You can build more complex data structures on Top Trees such as for 2-connectivity maintenance and other general-graph problems.

Copyright © 2022 Lukáš Ondráček <ondracek.lukas@gmail.com>, use under MIT license.

Basic theory

We use the same Top Tree definition as Renato Werneck [Wer06], instead of the original by Alstrup et al. [AHLT05].

clusterization example

The stored undirected tree is hierarchically partitioned into so called clusters. Each cluster is a generalized edge – it represents a connected subtree with two vertices marked as boundary; only these two vertices may be shared with neighbouring clusters.

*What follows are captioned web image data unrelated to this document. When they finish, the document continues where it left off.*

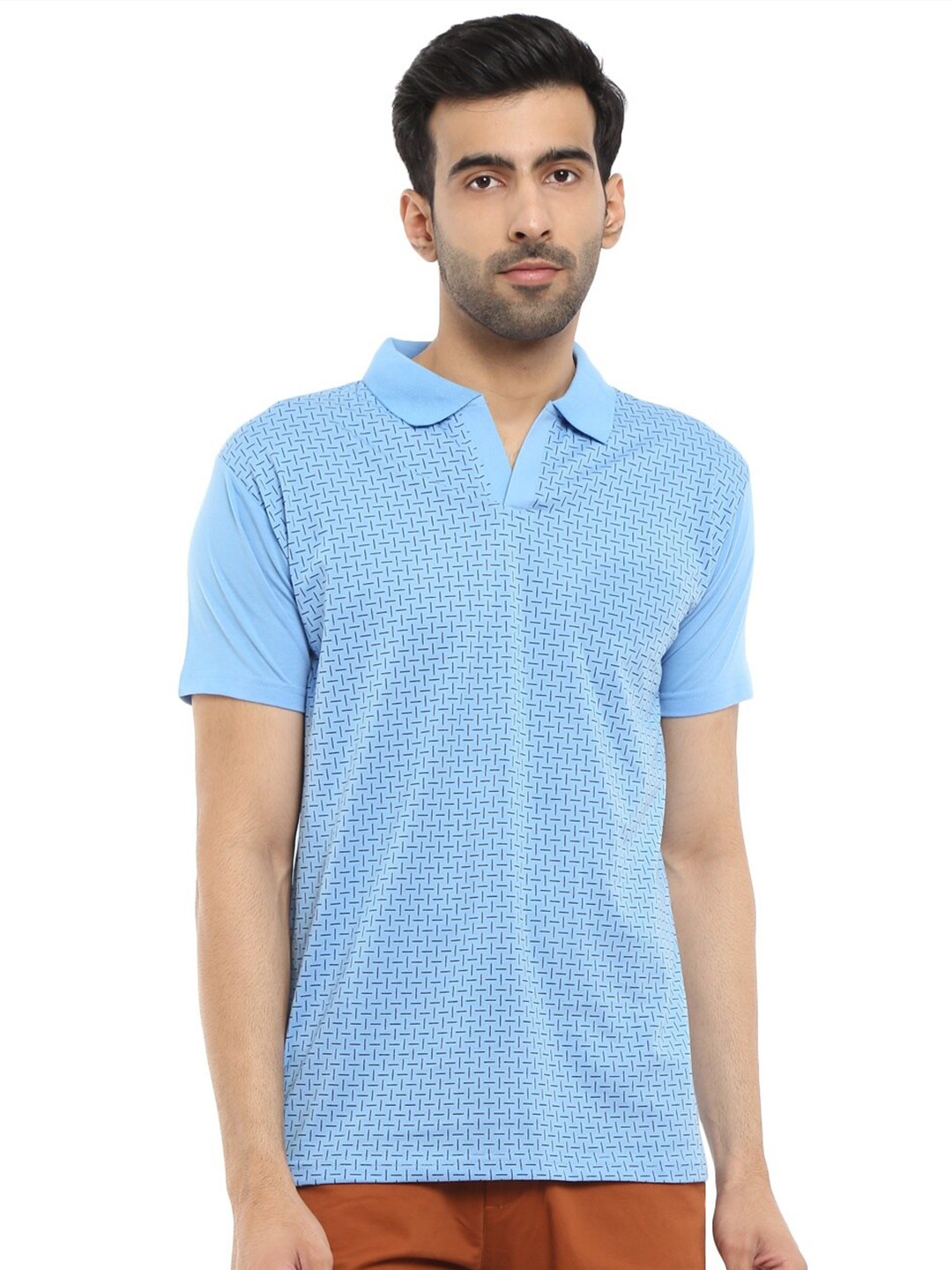 

V-Mart Men Blue & shadow gray Polo Collar T-shirt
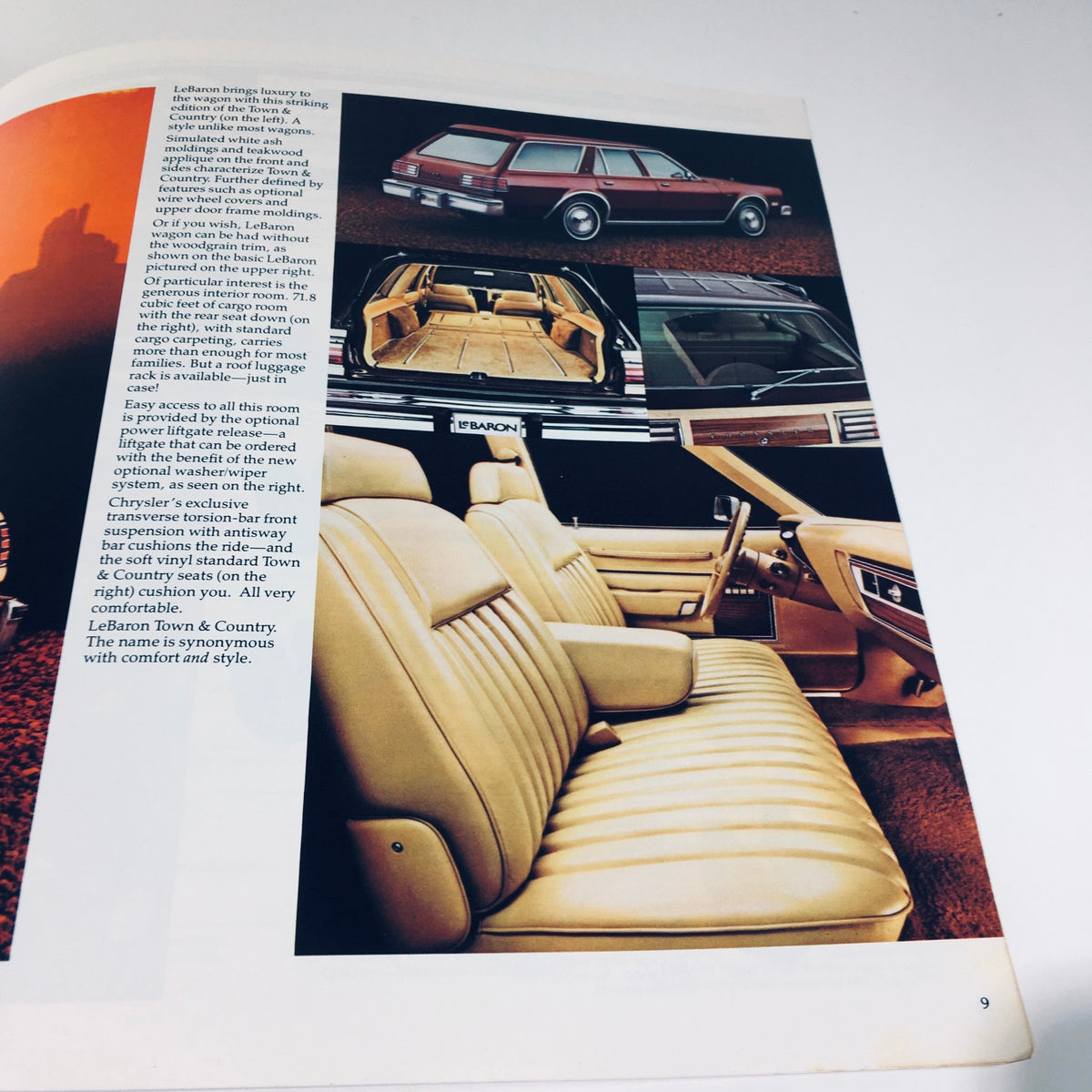 Interior image of the 1980 Chrysler LeBaron Four-Door Medallion MOPAR Parts Car Sale Brochure featuring comfortable seating and elegant design.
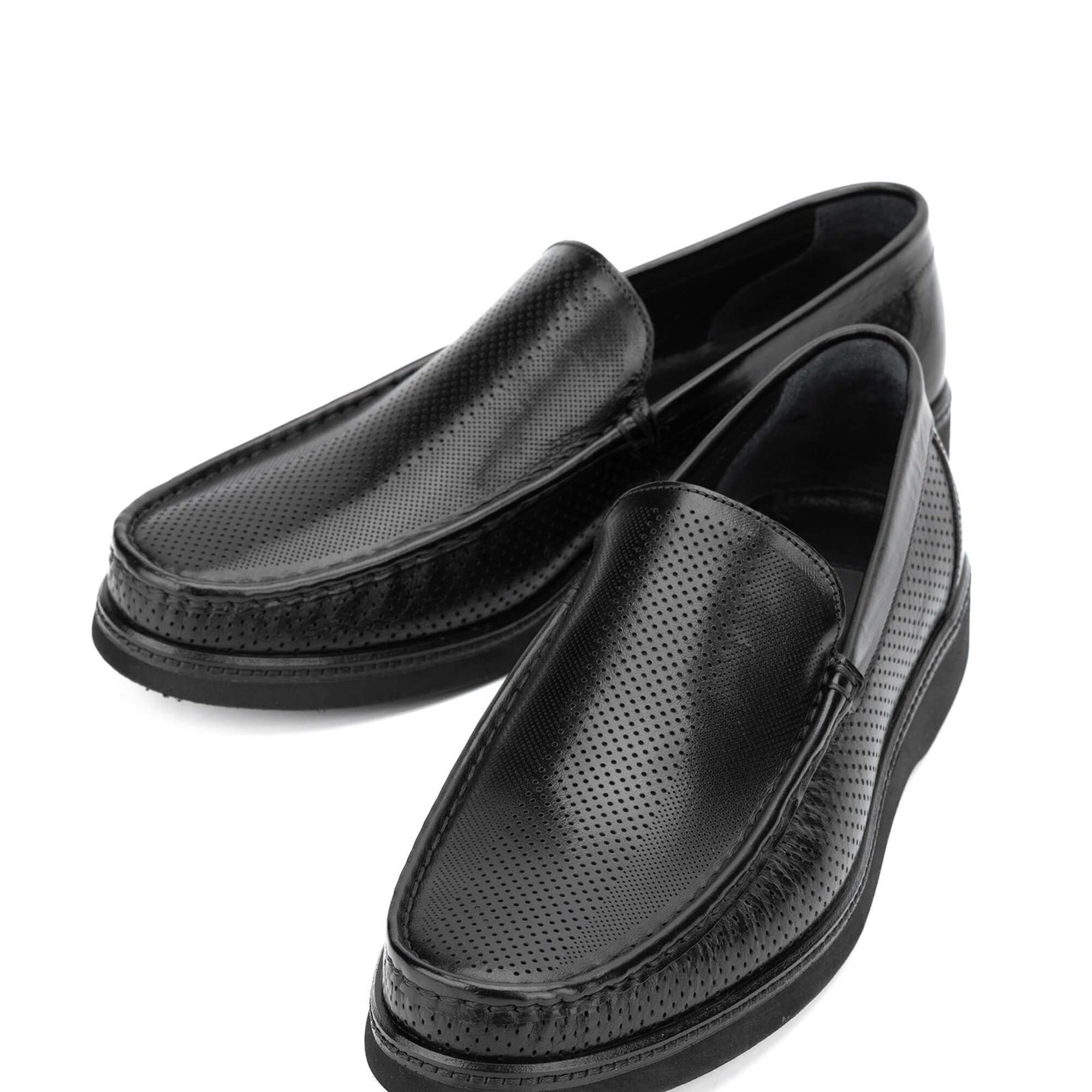 Tamer Tanca Erkek Hakiki Deri Siyah Loafer Ayakkabı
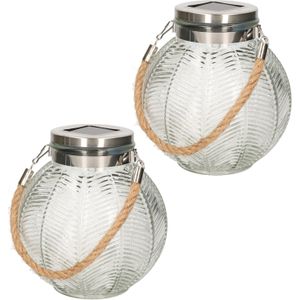 2x stuks transparante solar lantaarn van gestreept glas rond 16 cm - Tuinlantaarns - Solarverlichting - Tuinverlichting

The bottommost clusters in the hierarchy represent individual edges, other clusters are formed by two neighbouring subclusters. These two subclusters have one shared boundary vertex and other two distinct boundary vertices, the boundary of the parent cluster may contain any two of these three vertices. The topmost cluster represent the whole tree and also the path between its boundary vertices.

We distinguish three types of clusters:

  • base cluster is just an edge,
  • compress cluster has the unshared subclusters' endpoints as boundary,
  • rake cluster has the same boundary as one of its subclusters.

cluster types

Each cluster may have some user data stored in it. The data may either be related to the whole cluster subtree or only to the path between the boundary vertices. We usually either compute the data from the data in subclusters, thus aggregating the data from the whole subtree/subpath, or lazily propagate some changes to subclusters when needed. If paths are concerned, it matters whether the cluster is compress, and so both subclusters' data are being aggregated, or whether the cluster is rake, and so only one subcluster's data should be copied to the parent cluster.

Being able to choose which vertices should be in boundary of the whole tree, we can find/modify the data about any path (incl. individual edges) directly in that topmost cluster. Indeed, we always access only topmost cluster data.

Informal interface description

TopTree is an abstract templated class.

It provides the following main operations:

  • link two vertices of different trees by an edge,
  • cut existing edge between two vertices,
  • expose two vertices of the same tree to make them topmost cluster's boundary,
  • search in the tree exposing the found edge,
  • access the data in the topmost cluster of an exposed tree.

It needs to be derived by a driver deciding which clusters should be joined to form a larger cluster, or split back to subclusters, when clusterization should be changed. Available such specializations are ContractionTopTree and BiasedTreeTopTree.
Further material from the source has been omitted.